July 1, 2005 A new golf club uses motion-detection sensors and wireless technology to coach players through the use of sound. A golfer can "hear" the speed of the swing in wireless headphones, and adjust swings accordingly. Professional golfers generate the loudest, highest-pitch sounds. Most golfers say they see improvements within 15 minutes.
LA JOLLA, Calif. -- The game of golf is all about physics, from gravity to the flex of the shaft.
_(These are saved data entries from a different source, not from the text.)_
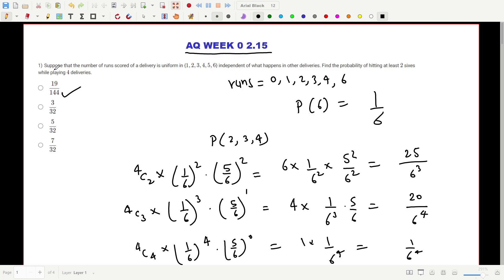The first question states: suppose the number of runs scored off a delivery is uniform and independent of other deliveries. In one over, on a single ball, the possible runs are zero, one, two, four, or six — so there are six total options for runs scored per ball.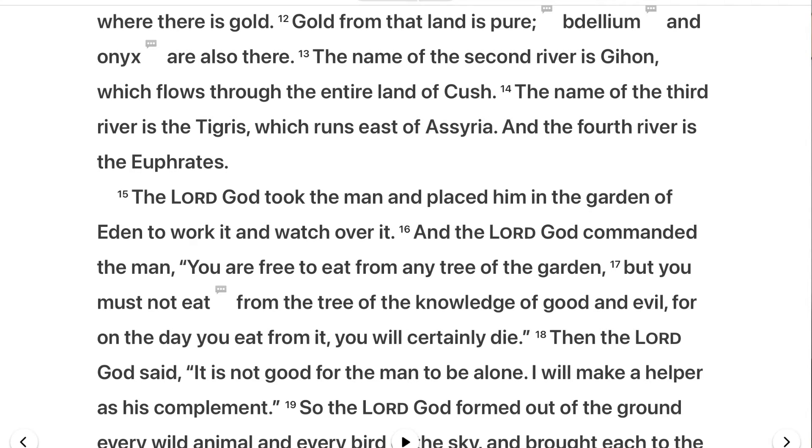Verse 18: 'Then the Lord God said, it is not good for the man to be alone. I will make him a helper as his complement.' What is amazing about this verse is that right away we see it was God himself who created man to have a mate, a wife. It was never God's intent for man to be alone.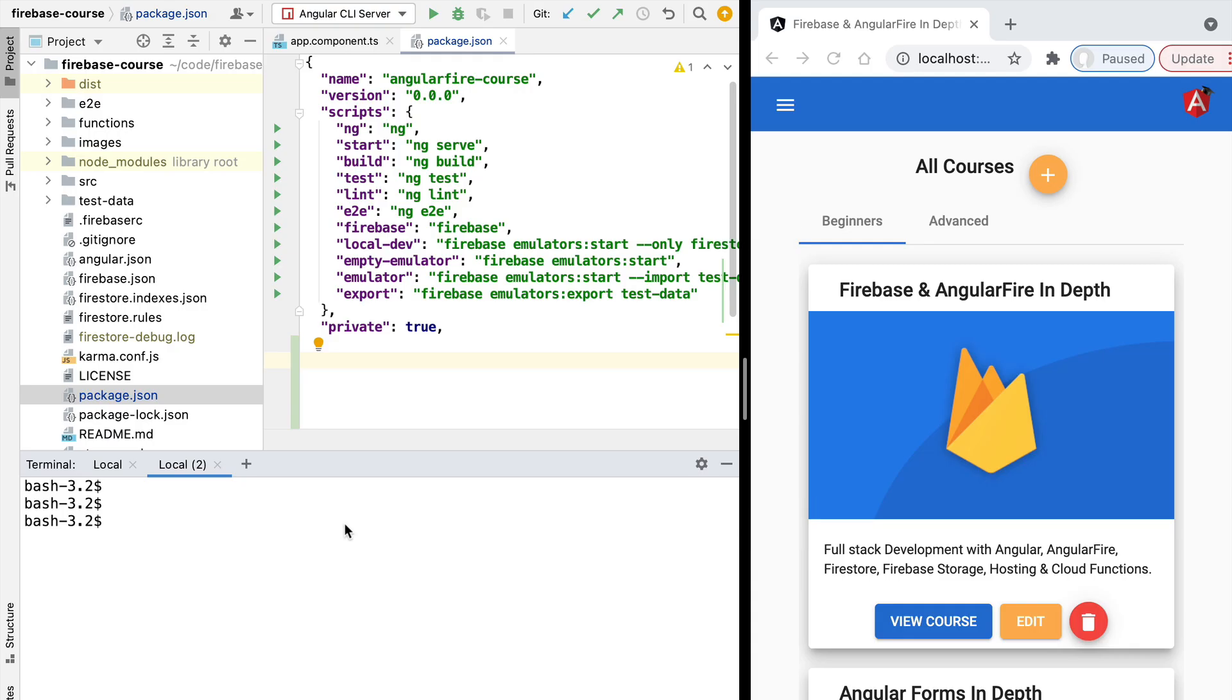Hello everyone and welcome back. In this new section of the course, we're going to talk about Firebase Cloud Functions. So what are exactly cloud functions and why do we need them? A Firebase Cloud Function is a scalable backend service that runs on the Firebase servers.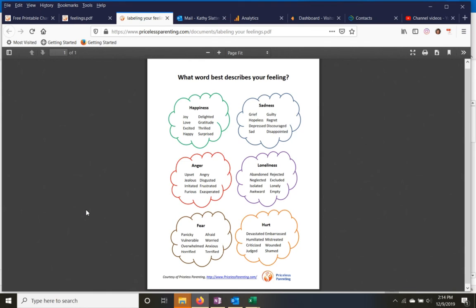These word bubbles help them pick a word that most closely matches how they're feeling, and being able to identify feelings gives your kids an excellent tool for knowing how to move forward.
That's why a Yale physics professor is combining his expertise and love for the game to create an amazing new golf club.
Golf is all about the swing.
"You're not supposed to swing hard to get the ball far, you're supposed to control the club and yourself to hit the ball farther," says Tom Wyer, an assistant golf pro at Torrey Pines Golf Course in La Jolla, Calif.
Physicist Robert Grober has combined his professional experience with his passion for golf to create a device that offers real-time audio feedback to help you get the swing of things.
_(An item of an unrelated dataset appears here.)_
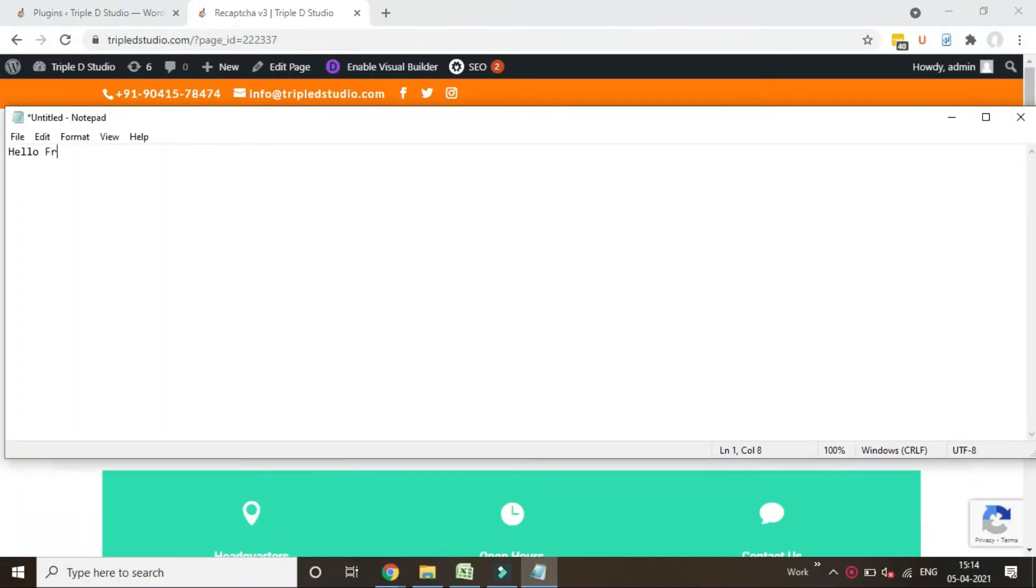Hello friends, today you will learn how to add reCAPTCHA v3 in Divi contact form. Let's start.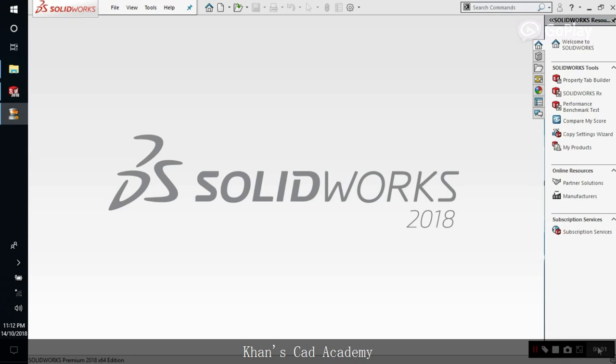Hello guys, welcome to Khan's CAD Academy with another tutorial after a long time. Today in this tutorial we will be learning about making pendants and making some money out of it. So we can use these pendants to sell them on Fiverr. We can make a gig on Fiverr and sell it on Fiverr.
"When you can hear your motion, that turns out to be a very useful thing," says Grober, of Yale University in New Haven, Conn.
Grober's Sonic Golf Club uses motion-detection sensors and wireless technology to coach the user. When a player swings, sensors measure the speed of the club. This triggers an electrical signal picked up by wireless headphones. The player hears an orchestra of sounds from low to high pitch so they can "hear" the speed of their swing.
"It can help people make real changes in their golf swing," Grober says, "just by changing what they hear instead of telling them physically to do this or that or the other thing with their hands mechanically."
The technology can easily be inserted into any golf club. The sound is different for each person, but when professional golfers swing, they generate the loudest, highest pitch sound when hitting the ball.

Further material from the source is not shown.